Back to the bubble: price goes up, yet educational and professional value stayed the same, and in some instances actually declined. Bubble-like behavior.
It is my belief that the top of the contemporary academic system was probably put in with mainstream internet adoption, where curriculums were suddenly wide spread and it was much easier to become ‘self-made’. You could say that (most, not all) universities became more about exclusivity and status, increasingly less about knowledge or actual skills. Huge Big Tech companies finding root and evermore frequently being led by college dropouts wearing the proverbial hoodie also put a significant dent in the status aspect. Networking or ‘access’ is probably the element that remains the most valuable today. An exclusive nightclub, as Peter Thiel would say.
Ever increasing debt. Granted, when I share these costs & debt graphs, that is mostly an American, not a European, problem, but in my opinion it’s all little pieces in the same societal bubble-puzzle and it still doesn’t mean that value of universities outside of the USA actually went up.
Of course, some of this data is cherrypicked, but let’s agree the value of most university degrees hasn’t considerably gone up in the last decades - that seems fair. Then what’s next?

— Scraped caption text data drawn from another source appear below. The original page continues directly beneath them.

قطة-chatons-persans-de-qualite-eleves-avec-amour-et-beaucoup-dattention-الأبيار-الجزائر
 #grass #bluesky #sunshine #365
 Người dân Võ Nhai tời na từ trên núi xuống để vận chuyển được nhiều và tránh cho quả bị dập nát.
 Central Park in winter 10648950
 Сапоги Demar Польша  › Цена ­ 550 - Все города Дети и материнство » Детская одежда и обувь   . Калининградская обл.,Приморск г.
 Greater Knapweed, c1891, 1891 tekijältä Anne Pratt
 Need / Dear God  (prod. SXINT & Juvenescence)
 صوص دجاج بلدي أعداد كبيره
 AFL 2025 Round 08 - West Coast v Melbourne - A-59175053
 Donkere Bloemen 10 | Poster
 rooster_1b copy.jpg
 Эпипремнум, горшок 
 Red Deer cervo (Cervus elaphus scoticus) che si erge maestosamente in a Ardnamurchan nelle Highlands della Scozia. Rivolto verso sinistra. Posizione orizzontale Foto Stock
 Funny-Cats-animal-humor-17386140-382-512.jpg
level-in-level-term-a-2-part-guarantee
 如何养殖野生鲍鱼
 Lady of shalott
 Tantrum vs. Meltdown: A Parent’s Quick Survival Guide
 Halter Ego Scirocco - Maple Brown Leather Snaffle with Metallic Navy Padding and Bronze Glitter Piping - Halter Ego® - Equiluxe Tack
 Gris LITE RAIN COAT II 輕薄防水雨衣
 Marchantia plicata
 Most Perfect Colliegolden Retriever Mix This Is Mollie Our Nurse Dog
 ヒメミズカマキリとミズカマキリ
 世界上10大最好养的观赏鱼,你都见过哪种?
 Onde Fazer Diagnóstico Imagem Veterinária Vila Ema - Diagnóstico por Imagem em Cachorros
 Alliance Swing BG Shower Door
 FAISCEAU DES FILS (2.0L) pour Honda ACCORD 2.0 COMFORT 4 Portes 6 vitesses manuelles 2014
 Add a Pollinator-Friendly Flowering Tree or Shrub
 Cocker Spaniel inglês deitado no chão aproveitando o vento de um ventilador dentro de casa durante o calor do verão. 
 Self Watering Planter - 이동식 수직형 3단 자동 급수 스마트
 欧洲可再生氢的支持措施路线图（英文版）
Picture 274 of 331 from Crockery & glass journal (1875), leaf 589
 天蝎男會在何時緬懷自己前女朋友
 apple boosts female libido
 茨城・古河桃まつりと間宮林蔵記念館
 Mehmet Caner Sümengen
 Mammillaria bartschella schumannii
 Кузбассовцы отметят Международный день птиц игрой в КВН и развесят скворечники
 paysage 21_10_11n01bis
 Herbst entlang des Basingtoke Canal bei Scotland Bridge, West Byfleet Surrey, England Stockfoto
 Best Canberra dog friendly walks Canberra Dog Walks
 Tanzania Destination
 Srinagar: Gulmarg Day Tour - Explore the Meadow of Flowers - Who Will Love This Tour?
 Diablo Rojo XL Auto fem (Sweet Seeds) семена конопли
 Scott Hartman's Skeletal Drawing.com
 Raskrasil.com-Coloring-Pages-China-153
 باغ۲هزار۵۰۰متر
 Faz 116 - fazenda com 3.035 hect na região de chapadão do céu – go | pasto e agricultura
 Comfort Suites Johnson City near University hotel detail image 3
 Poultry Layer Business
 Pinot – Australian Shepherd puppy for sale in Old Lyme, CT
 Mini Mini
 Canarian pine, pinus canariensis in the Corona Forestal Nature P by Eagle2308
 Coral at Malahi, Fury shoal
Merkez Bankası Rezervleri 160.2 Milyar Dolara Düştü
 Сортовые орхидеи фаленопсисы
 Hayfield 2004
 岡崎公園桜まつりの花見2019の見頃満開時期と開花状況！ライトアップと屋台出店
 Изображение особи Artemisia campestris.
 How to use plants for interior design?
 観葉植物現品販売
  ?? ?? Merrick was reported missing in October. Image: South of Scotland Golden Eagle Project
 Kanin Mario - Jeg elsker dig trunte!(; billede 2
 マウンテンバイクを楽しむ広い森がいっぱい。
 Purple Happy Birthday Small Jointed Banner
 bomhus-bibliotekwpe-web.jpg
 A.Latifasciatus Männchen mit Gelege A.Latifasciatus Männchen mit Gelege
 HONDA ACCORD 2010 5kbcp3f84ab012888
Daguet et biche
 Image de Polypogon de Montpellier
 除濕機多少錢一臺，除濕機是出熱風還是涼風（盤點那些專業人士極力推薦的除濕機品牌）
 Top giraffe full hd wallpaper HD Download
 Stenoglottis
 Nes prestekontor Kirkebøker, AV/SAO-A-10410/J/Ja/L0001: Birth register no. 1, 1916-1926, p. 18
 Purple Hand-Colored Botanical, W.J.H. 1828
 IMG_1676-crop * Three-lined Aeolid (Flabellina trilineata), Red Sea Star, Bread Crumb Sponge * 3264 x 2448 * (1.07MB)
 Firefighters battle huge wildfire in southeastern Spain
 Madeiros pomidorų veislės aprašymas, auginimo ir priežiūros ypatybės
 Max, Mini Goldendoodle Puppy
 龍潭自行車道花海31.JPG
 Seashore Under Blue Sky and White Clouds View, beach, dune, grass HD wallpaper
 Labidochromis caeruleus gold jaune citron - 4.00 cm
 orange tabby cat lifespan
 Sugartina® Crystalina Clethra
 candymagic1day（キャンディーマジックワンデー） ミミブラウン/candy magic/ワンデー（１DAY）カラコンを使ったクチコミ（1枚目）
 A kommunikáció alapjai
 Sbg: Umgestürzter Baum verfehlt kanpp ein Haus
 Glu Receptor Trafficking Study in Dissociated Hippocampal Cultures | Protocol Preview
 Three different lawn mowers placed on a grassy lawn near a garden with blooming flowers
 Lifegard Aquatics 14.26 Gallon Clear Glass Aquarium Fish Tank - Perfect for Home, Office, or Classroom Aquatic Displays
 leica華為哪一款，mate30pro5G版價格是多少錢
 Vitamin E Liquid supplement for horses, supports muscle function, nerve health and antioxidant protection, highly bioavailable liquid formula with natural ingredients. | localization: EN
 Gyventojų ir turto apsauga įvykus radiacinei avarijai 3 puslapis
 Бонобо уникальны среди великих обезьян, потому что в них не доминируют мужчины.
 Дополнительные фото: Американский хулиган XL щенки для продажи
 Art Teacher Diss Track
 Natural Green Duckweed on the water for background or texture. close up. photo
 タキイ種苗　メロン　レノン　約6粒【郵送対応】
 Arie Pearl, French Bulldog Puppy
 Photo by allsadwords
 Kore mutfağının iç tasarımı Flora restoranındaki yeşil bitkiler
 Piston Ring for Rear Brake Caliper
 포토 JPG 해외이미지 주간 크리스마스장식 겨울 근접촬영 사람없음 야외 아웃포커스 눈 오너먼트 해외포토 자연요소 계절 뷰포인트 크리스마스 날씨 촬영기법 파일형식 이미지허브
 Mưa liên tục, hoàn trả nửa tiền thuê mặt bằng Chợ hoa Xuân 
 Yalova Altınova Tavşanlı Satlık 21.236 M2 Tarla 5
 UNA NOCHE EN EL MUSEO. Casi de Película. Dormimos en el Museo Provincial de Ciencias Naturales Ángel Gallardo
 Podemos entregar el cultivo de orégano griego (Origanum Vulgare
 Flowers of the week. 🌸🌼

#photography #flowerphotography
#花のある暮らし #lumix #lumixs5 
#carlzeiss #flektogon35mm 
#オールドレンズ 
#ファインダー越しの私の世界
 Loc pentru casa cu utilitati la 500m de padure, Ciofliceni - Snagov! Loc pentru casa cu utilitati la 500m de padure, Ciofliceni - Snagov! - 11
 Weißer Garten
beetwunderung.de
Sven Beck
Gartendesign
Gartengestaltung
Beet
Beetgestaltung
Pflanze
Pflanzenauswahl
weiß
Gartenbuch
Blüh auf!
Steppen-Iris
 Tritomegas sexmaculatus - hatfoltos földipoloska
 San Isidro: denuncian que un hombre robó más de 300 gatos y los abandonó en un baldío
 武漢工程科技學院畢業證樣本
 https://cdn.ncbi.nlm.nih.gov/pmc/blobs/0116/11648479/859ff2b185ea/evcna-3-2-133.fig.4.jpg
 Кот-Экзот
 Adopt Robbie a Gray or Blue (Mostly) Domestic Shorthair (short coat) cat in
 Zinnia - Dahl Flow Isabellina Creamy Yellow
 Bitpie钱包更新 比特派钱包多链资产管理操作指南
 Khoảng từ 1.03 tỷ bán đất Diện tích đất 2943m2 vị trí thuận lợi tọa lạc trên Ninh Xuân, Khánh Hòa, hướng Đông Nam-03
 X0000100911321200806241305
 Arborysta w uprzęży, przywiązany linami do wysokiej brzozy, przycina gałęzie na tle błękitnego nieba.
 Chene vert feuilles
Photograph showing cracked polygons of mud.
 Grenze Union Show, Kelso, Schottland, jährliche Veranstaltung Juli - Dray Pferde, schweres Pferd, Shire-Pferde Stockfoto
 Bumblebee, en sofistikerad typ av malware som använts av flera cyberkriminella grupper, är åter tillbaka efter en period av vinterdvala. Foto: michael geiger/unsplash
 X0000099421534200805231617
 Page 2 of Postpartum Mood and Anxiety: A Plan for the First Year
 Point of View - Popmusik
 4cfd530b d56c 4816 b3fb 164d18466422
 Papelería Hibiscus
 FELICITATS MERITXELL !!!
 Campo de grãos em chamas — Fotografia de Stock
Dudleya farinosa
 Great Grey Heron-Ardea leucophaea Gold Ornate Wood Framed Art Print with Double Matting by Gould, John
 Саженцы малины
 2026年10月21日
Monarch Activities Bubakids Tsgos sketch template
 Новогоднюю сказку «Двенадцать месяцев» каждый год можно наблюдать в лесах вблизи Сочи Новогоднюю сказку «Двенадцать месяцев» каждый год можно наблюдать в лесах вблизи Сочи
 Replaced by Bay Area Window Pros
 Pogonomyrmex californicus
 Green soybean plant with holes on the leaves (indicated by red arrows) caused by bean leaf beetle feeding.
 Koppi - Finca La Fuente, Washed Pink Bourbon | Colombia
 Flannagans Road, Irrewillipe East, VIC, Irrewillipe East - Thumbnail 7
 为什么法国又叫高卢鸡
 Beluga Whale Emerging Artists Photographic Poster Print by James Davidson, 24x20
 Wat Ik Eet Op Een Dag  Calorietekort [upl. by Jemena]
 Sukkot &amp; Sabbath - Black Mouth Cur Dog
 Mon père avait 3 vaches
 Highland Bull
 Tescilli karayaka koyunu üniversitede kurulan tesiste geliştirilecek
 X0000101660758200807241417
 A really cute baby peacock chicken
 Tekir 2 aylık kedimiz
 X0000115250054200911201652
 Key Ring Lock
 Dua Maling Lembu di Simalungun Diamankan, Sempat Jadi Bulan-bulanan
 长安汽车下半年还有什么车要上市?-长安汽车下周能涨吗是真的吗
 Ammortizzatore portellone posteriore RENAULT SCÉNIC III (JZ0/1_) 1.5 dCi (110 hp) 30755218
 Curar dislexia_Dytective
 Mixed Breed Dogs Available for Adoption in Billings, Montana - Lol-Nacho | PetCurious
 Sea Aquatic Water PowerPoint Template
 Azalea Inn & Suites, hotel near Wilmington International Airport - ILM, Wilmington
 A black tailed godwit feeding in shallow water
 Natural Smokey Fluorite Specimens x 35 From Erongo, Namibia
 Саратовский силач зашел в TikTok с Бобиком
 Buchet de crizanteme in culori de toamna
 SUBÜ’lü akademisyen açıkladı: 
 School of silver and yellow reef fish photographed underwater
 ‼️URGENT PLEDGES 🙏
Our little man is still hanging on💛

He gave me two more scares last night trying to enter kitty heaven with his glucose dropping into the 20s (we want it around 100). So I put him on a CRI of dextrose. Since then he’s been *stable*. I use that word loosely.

A decline in demand would logically be next.
Now this could be because of:
quality of universities deteriorating
(business, IT, psychology, ….) degrees having less value in the job market
inflation, people having less money to spend
demographics
all or none of the above
a million other options I’m not listing because I want this to be a 6 minute blog that people actually read
I think this overall picture helps validate the thesis that this secular trend will further strengthen and that a considerable part of academic degrees are losing some of their value in the job market as well as their social relevance. Hundreds of thousands of students getting a Psychology or Political Sciences Bachelor does not mean the degree is valuable, value is usually scarce. A sign of froth, maybe?
When I look at some of the numbers, and also what is going around me in the labor market (in my case, IT, where asking about degrees is considered archaic if someone has the right work experience or certificates), we can debate the speed, the velocity, the outliers and the reasons for these trends, but the direction is clear. Very important to note is that there are little to no stats that argue for the other direction. Usually, when a system is in decline, it needs to reinvent itself before the trend can sustainably reverse, and that’s assuming it ever does (cough cough, media and banking, cough cough).
Mind you, nobody said academic degrees are worthless, just overvalued. If I’m correct about ‘the top being in’, so to speak, then ‘academic euphoria’ took place right before mainstream use of the internet, coinciding with the assumptions that a degree in social sciences meant a scarce and valuable skillset and job security until retirement. I believe we are now somewhere between academic anxiety & denial on this timeless bubble chart. Going to university is still completely standard, ‘the default option’, even though less valuable. Which means ‘capitulation’ is yet to happen. Will it be fueled by some AI-related catalyst? I’m curious what that’s going to look like in practice moving forward and if it will indeed coincide with e-learning stock performance.